Homematic IP Zukunft 2026-2030

  • Matter-Brücke geplant - bestehende Geräte werden Matter-fähig.
  • Erweiterte Energie-Management-Funktionen.
  • Cloud-Optimierungen mit KI-Vorhersage.
  • Wettbewerbsdruck durch Matter steigt.

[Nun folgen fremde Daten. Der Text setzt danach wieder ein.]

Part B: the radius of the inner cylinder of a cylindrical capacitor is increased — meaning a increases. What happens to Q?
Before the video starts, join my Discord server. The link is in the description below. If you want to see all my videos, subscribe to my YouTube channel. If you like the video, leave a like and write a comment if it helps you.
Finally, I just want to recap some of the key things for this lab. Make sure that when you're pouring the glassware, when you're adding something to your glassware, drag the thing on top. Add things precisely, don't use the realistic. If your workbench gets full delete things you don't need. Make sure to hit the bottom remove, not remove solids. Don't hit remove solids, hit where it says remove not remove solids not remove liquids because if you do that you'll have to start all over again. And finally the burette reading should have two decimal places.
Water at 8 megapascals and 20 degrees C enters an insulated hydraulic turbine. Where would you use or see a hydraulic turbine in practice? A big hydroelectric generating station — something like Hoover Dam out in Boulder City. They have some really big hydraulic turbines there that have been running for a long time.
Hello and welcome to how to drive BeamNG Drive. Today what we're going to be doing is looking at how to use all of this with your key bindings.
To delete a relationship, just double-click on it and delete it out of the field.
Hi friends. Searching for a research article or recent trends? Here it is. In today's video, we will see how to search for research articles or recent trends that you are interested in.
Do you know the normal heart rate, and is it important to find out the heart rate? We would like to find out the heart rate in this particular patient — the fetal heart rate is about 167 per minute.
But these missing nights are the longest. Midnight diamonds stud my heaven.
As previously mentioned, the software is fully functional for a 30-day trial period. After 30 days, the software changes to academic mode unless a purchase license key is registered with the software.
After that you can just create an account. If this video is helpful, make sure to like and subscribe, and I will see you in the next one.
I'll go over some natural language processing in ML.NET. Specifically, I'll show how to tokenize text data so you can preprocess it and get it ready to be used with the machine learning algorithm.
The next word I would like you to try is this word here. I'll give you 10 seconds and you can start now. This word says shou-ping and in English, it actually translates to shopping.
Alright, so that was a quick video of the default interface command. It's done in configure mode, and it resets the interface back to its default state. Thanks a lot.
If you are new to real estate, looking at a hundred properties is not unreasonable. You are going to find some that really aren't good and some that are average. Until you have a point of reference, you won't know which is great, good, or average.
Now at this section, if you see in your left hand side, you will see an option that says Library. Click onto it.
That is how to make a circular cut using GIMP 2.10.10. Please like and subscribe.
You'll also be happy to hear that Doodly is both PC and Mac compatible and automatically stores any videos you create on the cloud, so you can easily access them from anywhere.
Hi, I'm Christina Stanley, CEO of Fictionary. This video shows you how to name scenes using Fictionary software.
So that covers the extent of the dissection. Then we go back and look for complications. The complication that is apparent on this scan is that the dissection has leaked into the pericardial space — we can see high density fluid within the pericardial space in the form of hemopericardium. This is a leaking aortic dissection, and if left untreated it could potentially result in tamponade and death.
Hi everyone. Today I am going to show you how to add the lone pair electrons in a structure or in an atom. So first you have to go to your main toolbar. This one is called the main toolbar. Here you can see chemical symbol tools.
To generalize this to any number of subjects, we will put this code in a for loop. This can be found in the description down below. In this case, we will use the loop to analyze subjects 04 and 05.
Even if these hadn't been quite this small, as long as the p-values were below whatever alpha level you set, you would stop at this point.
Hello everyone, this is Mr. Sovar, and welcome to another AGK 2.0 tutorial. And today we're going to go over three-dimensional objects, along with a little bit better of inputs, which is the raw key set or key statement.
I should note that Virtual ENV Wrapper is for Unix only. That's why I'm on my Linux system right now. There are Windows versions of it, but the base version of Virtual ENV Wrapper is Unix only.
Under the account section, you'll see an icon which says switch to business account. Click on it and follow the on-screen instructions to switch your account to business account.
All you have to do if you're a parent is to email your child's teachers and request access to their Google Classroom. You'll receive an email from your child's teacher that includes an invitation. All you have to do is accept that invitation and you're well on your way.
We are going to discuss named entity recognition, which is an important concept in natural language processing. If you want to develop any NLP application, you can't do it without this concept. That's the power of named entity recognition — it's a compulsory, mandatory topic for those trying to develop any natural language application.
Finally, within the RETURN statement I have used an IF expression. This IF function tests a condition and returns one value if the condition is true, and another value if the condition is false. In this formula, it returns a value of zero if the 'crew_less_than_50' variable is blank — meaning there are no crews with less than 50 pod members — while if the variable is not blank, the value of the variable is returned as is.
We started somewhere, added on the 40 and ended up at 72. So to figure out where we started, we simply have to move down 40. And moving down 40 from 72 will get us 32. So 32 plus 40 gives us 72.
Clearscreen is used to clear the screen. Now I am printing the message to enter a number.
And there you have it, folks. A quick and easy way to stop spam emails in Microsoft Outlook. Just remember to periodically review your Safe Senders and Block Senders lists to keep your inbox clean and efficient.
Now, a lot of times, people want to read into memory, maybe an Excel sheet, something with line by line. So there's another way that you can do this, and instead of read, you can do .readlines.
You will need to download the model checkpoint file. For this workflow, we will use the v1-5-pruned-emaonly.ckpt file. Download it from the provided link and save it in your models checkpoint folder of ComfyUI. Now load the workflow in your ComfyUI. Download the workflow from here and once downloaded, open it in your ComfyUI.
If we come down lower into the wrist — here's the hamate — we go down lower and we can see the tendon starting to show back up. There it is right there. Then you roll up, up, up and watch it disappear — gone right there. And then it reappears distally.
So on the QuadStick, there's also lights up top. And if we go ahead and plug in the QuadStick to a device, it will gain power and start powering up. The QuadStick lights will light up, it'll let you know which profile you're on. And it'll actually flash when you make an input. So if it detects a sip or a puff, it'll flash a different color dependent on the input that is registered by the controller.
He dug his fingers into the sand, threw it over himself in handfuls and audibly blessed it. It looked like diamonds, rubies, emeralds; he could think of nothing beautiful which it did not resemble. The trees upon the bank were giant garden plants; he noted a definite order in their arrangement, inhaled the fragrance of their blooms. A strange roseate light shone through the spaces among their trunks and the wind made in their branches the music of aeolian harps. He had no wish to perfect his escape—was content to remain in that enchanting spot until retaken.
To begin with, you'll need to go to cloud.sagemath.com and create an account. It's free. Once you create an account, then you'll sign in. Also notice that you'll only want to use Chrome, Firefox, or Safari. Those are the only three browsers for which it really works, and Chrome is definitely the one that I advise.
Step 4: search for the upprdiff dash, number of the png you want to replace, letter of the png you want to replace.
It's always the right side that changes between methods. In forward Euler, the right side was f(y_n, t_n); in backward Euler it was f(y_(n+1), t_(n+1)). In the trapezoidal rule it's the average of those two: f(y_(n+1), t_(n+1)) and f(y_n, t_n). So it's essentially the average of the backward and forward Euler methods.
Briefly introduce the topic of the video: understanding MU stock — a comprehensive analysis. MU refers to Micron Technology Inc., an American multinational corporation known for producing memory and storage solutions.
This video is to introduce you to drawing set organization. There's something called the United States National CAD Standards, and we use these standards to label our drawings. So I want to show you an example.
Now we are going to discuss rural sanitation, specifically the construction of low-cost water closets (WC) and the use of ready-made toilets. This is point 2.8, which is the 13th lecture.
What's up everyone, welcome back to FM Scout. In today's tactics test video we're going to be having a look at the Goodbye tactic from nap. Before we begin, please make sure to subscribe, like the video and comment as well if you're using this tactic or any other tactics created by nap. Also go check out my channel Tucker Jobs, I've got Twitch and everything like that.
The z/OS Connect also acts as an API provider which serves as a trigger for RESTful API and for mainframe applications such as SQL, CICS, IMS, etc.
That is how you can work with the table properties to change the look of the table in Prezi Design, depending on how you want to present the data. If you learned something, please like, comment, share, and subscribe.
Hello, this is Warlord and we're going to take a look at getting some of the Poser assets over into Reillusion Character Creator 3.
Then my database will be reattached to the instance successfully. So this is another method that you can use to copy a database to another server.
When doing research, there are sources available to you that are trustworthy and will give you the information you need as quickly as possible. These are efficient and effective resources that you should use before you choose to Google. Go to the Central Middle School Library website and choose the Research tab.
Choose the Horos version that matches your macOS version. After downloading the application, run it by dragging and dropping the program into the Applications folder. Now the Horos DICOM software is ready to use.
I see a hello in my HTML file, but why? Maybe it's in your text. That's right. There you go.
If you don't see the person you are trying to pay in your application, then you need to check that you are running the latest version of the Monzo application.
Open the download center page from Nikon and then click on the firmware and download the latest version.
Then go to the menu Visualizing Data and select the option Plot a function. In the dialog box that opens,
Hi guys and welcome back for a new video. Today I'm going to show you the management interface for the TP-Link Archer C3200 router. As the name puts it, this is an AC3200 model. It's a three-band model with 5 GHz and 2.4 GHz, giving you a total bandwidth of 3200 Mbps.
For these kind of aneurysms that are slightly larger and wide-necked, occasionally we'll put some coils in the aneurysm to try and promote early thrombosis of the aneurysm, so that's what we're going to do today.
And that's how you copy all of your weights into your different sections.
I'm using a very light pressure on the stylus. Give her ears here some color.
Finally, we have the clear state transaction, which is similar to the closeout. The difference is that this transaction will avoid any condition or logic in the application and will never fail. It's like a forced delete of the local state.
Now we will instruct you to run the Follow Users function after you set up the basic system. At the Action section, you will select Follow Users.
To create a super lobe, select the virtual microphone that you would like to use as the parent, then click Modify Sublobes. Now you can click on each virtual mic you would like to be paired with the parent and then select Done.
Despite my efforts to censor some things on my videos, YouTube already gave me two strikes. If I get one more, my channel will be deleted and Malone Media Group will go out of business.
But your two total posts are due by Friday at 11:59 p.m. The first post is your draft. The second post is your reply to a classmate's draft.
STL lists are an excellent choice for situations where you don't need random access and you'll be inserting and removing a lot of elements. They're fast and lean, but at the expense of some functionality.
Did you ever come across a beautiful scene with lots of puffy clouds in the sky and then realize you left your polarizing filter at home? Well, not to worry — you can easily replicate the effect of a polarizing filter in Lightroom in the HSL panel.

Komponenten-Detailliste 2026

Heizung

  • Heizkörperthermostat Basic: Standard-Variante, ca. 50 Euro.
  • Heizkörperthermostat Compact: kleinere Bauform, 60 Euro.
  • Heizkörperthermostat Evo: Premium mit Display, 80-100 Euro.
  • Wandthermostat: als Master pro Raum, 70-90 Euro.
  • Fussbodenheizungs-Aktor 12-Kanal: für FBH-Verteiler, 250-350 Euro.
  • Multi-IO-Box: für Pufferspeicher-Steuerung, 80-120 Euro.

Sicherheit

  • Tür-/Fenster-Kontakt: Magnetkontakt, ca. 30 Euro.
  • Tür-/Fenster-Sensor optisch: ohne Magnete, 50 Euro.
  • Bewegungsmelder Innen: 60 Euro.
  • Bewegungsmelder Aussen: 90 Euro.
  • Glasbruch-Sensor: 60 Euro.
  • Q-Label-Rauchwarnmelder: 60 Euro.
  • Wassersensor: 35 Euro.
  • Sirene Innen mit Lichtsignal: 80 Euro.

Beleuchtung

  • Schalt-Mess-Steckdose: 40-50 Euro.
  • Dimmaktor Unterputz: 70 Euro.
  • Schaltaktor Unterputz: 50 Euro.

Bedienung

  • Wandtaster 1-/2-/4-fach: 50-100 Euro.
  • Fernbedienung 8-fach: 60 Euro.
  • Tür-/Fenster-Griffsensor: 50 Euro.

Cloud-Modus vs. lokal

Cloud-Modus mit Access Point

  • Plug-and-Play, App "Homematic IP" auf Smartphone.
  • Daten bei eQ-3 in Cloud.
  • Bei Internet-Ausfall keine Steuerung möglich.
  • Update-Pflicht.
  • Empfohlen für kleine Setups.

Lokal mit CCU3

  • Daten bleiben im Haus.
  • Web- und App-Bedienung.
  • Bei Internet-Ausfall lokal funktional.
  • Skript-basierte Programmierung möglich.
  • Empfohlen für mittlere bis grosse Setups.

FAQ - Homematic IP

Was ist Homematic IP?
Homematic IP ist die Funk-Smart-Home-Plattform von eQ-3 (Leer, Niedersachsen) - dem Marktführer für Smart-Home in Deutschland. Funk auf 868 MHz mit Mesh-Topologie, lokale Steuerung über CCU3-Zentrale oder Cloud-Steuerung über Homematic IP Access Point. Über 200 Komponenten verfügbar.
CCU3 oder Homematic IP Access Point?
CCU3 ist die lokale Zentrale - alle Steuerung läuft im Haus, kein Cloud-Zwang. Homematic IP Access Point ist Cloud-Steuerung über eQ-3-Server. CCU3 ist datenschutz-freundlicher und schneller, Access Point ist einfacher einzurichten. Bei mittleren bis grossen Setups CCU3, bei kleinen Setups (5-10 Geräte) Access Point.
Homematic IP oder Matter?
Homematic IP ist hersteller-gebunden (eQ-3) mit grossem deutschem Komponenten-Programm. Matter ist herstelleroffen mit globaler Anbieter-Vielfalt. Im Neubau 2026 ist Matter zukunftssicherer - im Bestand mit vorhandener Homematic-IP-Sammlung lohnt der Wechsel oft nicht.
Was kostet Homematic IP im 140 m² EFH?
Funk-Voll-Setup (Heizung, Beleuchtung, Rollladen, Sicherheit) 5.000-12.000 Euro. Mittlere Erweiterung (Heizung, Sicherheit, einige Smart-Plugs) 2.000-5.000 Euro. Punktuelle Anwendung (Heizung-Einzelraumregelung) 800-2.000 Euro.
Lohnt sich Homematic IP im Neubau?
Im Neubau lohnt sich primär Bus-System (KNX, Loxone). Homematic IP ist eher Bestand-Lösung oder als Funk-Ergänzung an Stellen ohne Bus-Verkabelung. Im reinen Funk-Neubau-Setup ist 2026 Matter zukunftssicherer als Homematic IP.